### TASK
Restate word for word only the lines from the one with "Бусины для творчества" through the end of the records; no pictures belong in the copy.

### Dataset excerpts
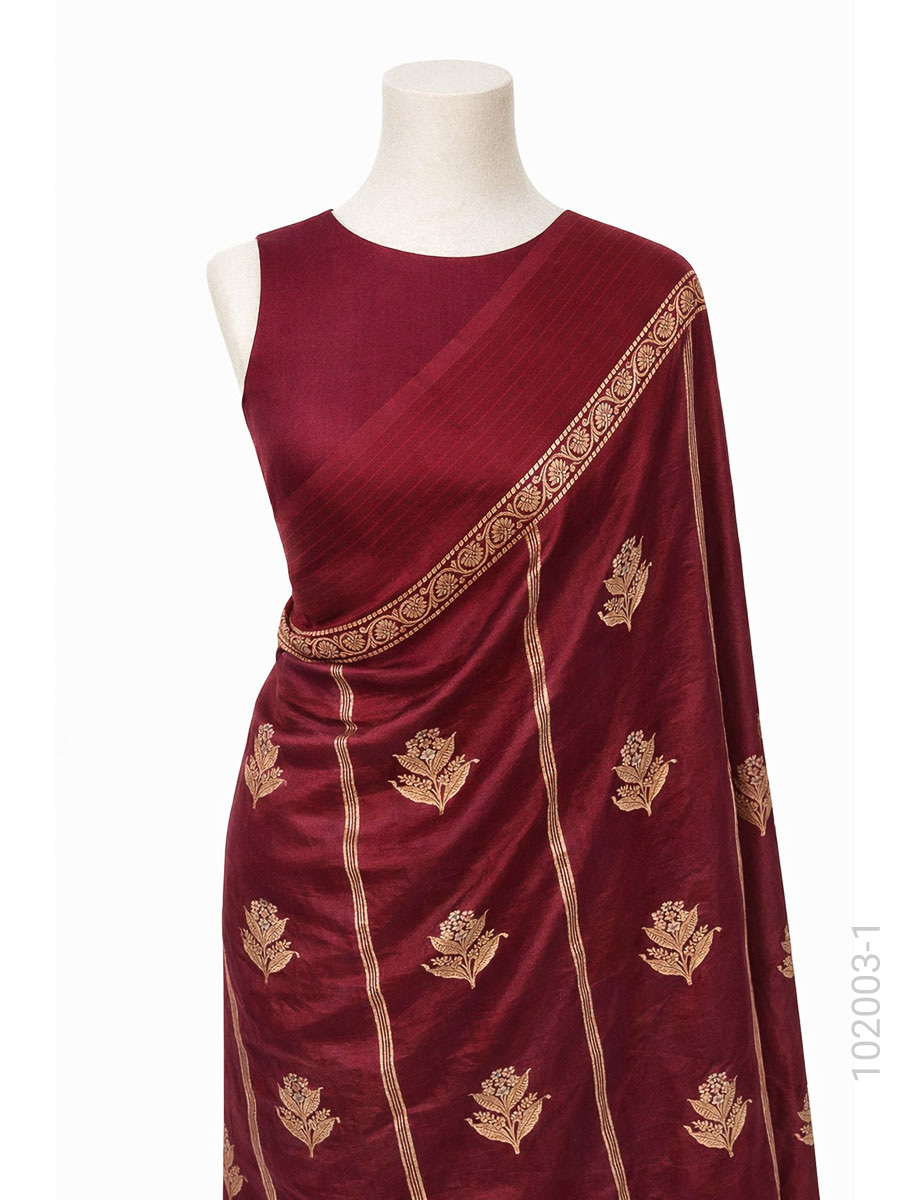 Soft Silk Zari Work Banarasi Saree Wholesale fabric close-up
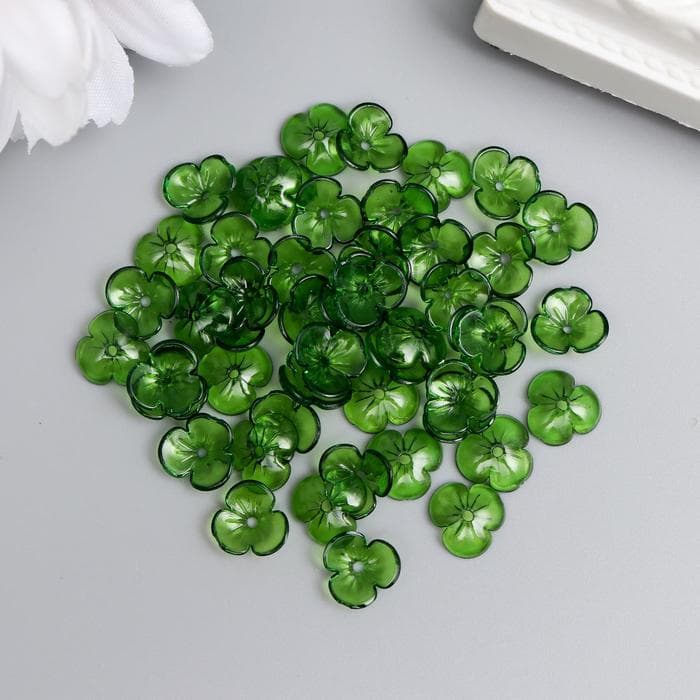 Бусины для творчества пластик «Шляпка для бусин» набор 50 шт. прозрачный зелёный 0.4×1×1 см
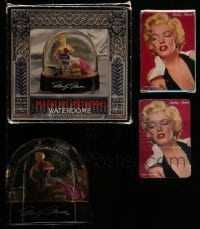 5h214 LOT OF 3 MARILYN MONROE ITEMS '90s waterdome, playing cards & pillow case!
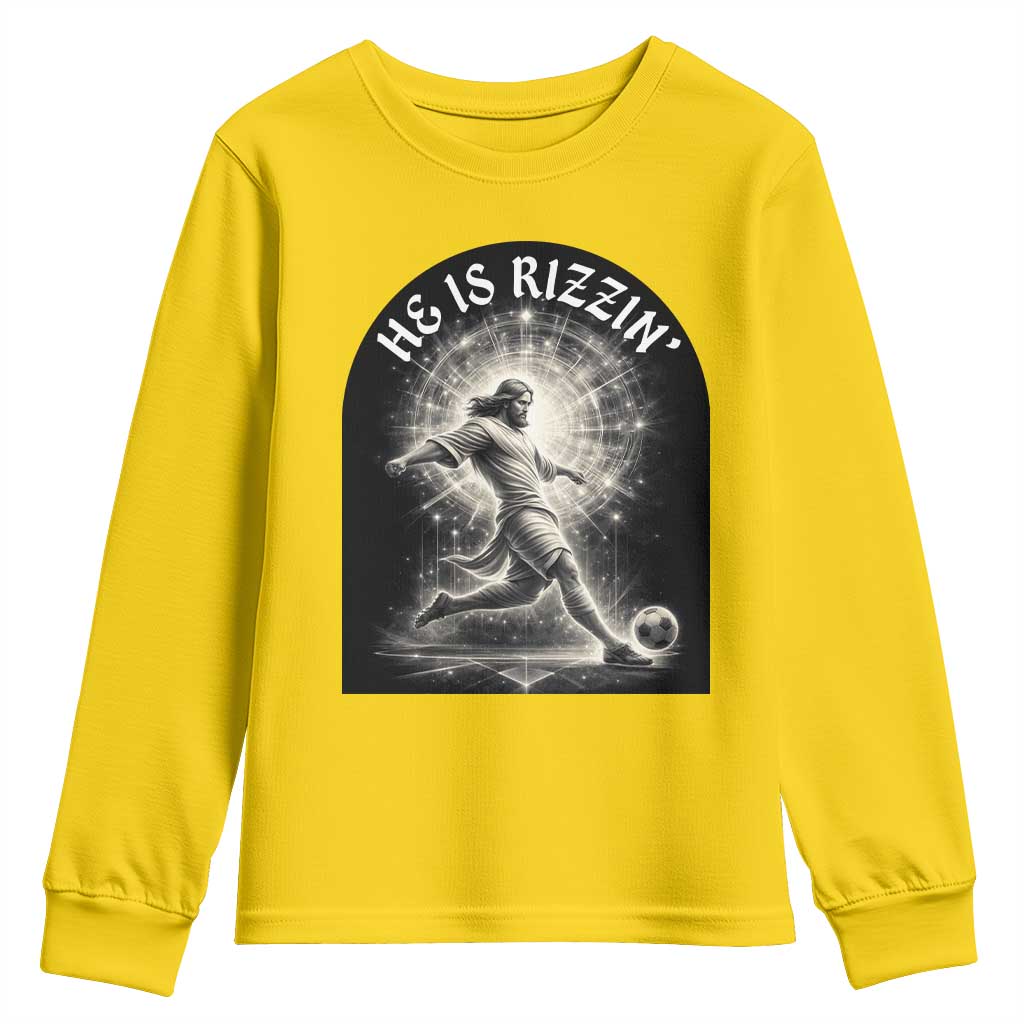 He Is Rizzin Youth Sweatshirt Funny Christian Faith Soccer Player Gift TS12 Daisy Print Your Wear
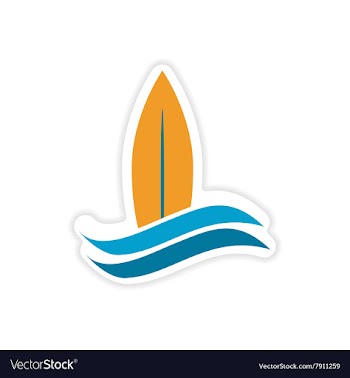 Paper sticker surfboard logo on white background vector image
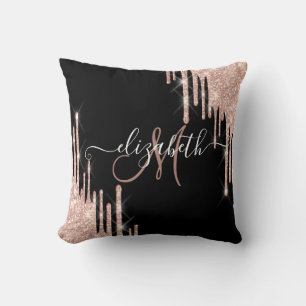 Elegant Roos Gold Glitter Drift zwart monogram Kussen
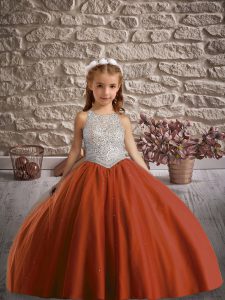Dramatic Rust Red Girls Pageant Dresses Wedding Party with Beading Scoop Sleeveless Sweep Train Backless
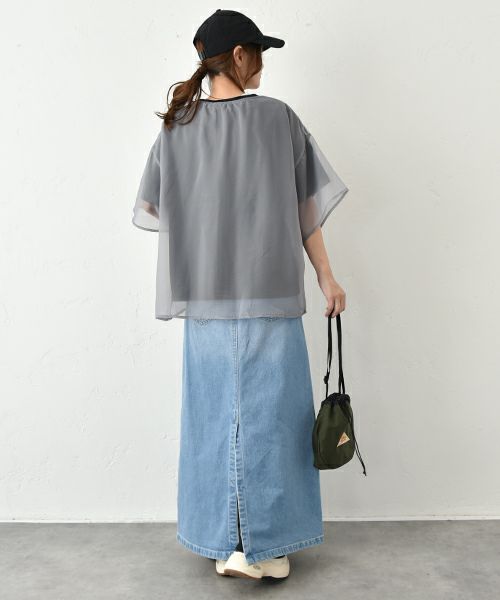 eka::｜2枚重ねロゴプリントTee [[1611873]][C]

### RESPONSE TO THE TASK
 Бусины для творчества пластик «Шляпка для бусин» набор 50 шт. прозрачный зелёный 0.4×1×1 см
 5h214 LOT OF 3 MARILYN MONROE ITEMS '90s waterdome, playing cards & pillow case!
 He Is Rizzin Youth Sweatshirt Funny Christian Faith Soccer Player Gift TS12 Daisy Print Your Wear
 Paper sticker surfboard logo on white background vector image
 Elegant Roos Gold Glitter Drift zwart monogram Kussen
Dramatic Rust Red Girls Pageant Dresses Wedding Party with Beading Scoop Sleeveless Sweep Train Backless
 eka::｜2枚重ねロゴプリントTee [[1611873]][C]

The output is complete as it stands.